Nous chargeons les meubles qui restent, une table, six chaises, qui viennent de ma grand-mère et un buffet très lourd. Au milieu du salon vide je suis désemparée. Une envie de pleurer monte. Frustration et surmenage. C'est ce qu'il me reste de ces vingt ans. Tant d'efforts pour rien, et en même temps, pas assez d'efforts (faut-il supposer, puisque pour rien: s'il y en avait eus assez, cela aurait sans doute abouti à quelque chose, non?) J'aime nos fenêtres et le puits de lumière qui donne sur le rosier. Vont-ils s'occuper du rosier?

Nous déposons les meubles à la maison, puis déchetterie d'Ecuelles. Nous vidons le camion. Un couple est en train de jeter ce qui ressemble à une maison de famille, vélos et poussette d'enfants inclus. La grand-mère serait-elle morte? Des ballots entiers, des sacs poubelles, y passent. Il faut avoir le cœur bien accroché.
H. va rendre le camion. Nous aurons été la dernière location de la semaine, trop de problèmes informatiques, toutes les suivantes ont été annulées.
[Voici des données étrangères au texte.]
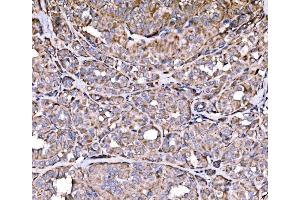 IHC analysis of RPL17 using anti-RPL17 antibody (ABIN7601639). (RPL17 Antikörper  (AA 40-167))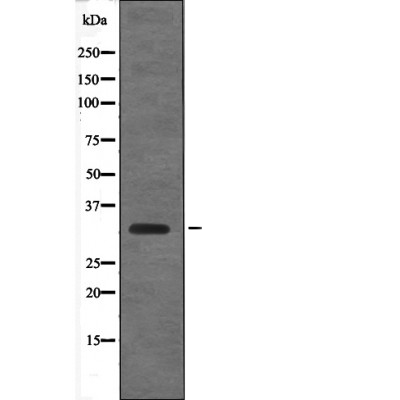 Cyclin D1 (Phospho-Thr288)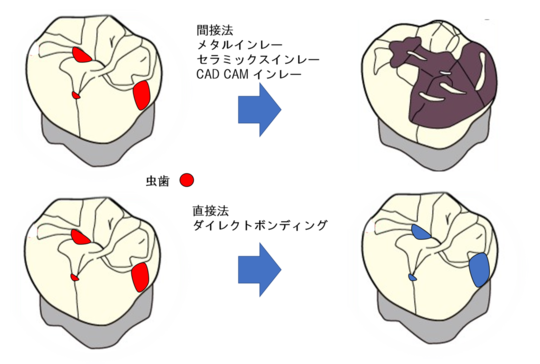 ダイレクトボンディング法 コンポジットレジン充填 - まるかわ歯科医院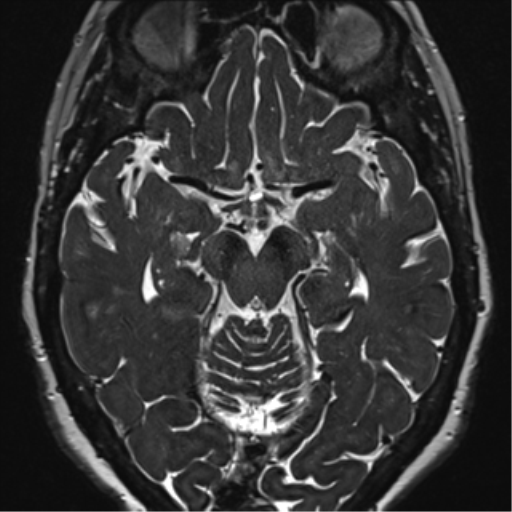 Anterior temporal pole cysts (Radiopaedia 46629-51102 Axial 52).png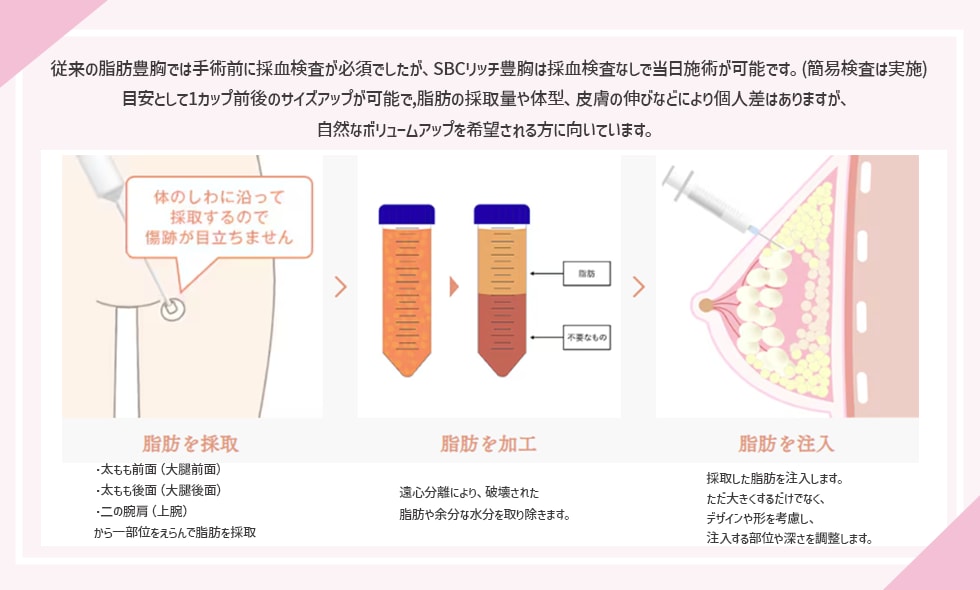 SBCリッチ豊胸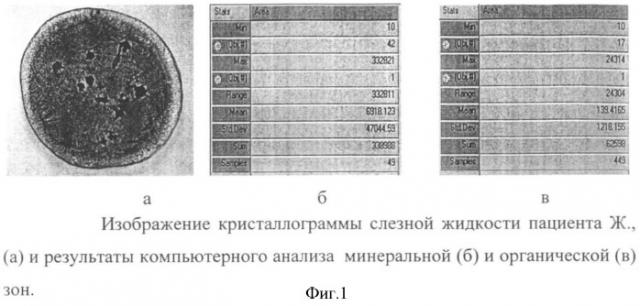 Способ дифференциальной диагностики инфекционно-воспалительных осложнений при травме глаза (патент 2356053)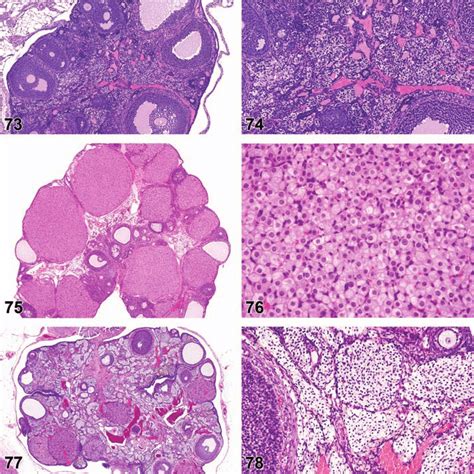 Nterstitial Cell Hypertrophy Ovary Mouse Figure 74 Interstitial Cell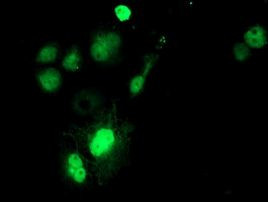 SAT2 Antibody in Immunocytochemistry (ICC/IF)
Le soir nous mangeons des nouilles asiatiques instantanées et je repasse un maillot pour le ping-pong du lendemain.

La journée la plus politique de ma vie

En regardant Twitter durant le déjeuner, j'apprends que ma copine vient de devenir sénatrice.

Appel d’un sympathisant marcheur de Champeaux (77): «j’ai commencé à militer, mais j’ai eu des menaces de mort de la part de LFI, alors j’ai arrêté parce qu’il y a ma femme».
Champeaux, cinq cents électeurs…

H. m'a acheté le kit du parfait colleur (d'affiches). Je suis émue. Mon premier kit. Mieux qu'une première boîte de legos (le défi : ne pas s'en mettre partout. On verra ça samedi).
— Bon, je n'ai plus qu'à piler du verre.
— Si tu fais ça, c'est du pénal.

Porte-à-porte

Ce soir, formation en ligne au porte-à-porte. Il s'agit d'aller frapper aux portes de l'abstention.

C'est flippant mais curieux. Toujours en binôme (comme les témoins de Jéhovah pensé-je in petto), en mixant les genres: un homme, une femme; un vieux, un jeune; un agriculteur, un fonctionnaire territorial; etc.

Je me demande si j'oserai, mais une fois encore, je suis curieuse: les réactions des gens quand on sonne à leur porte: hostiles, indifférents, amicaux? Ça m'intéresse.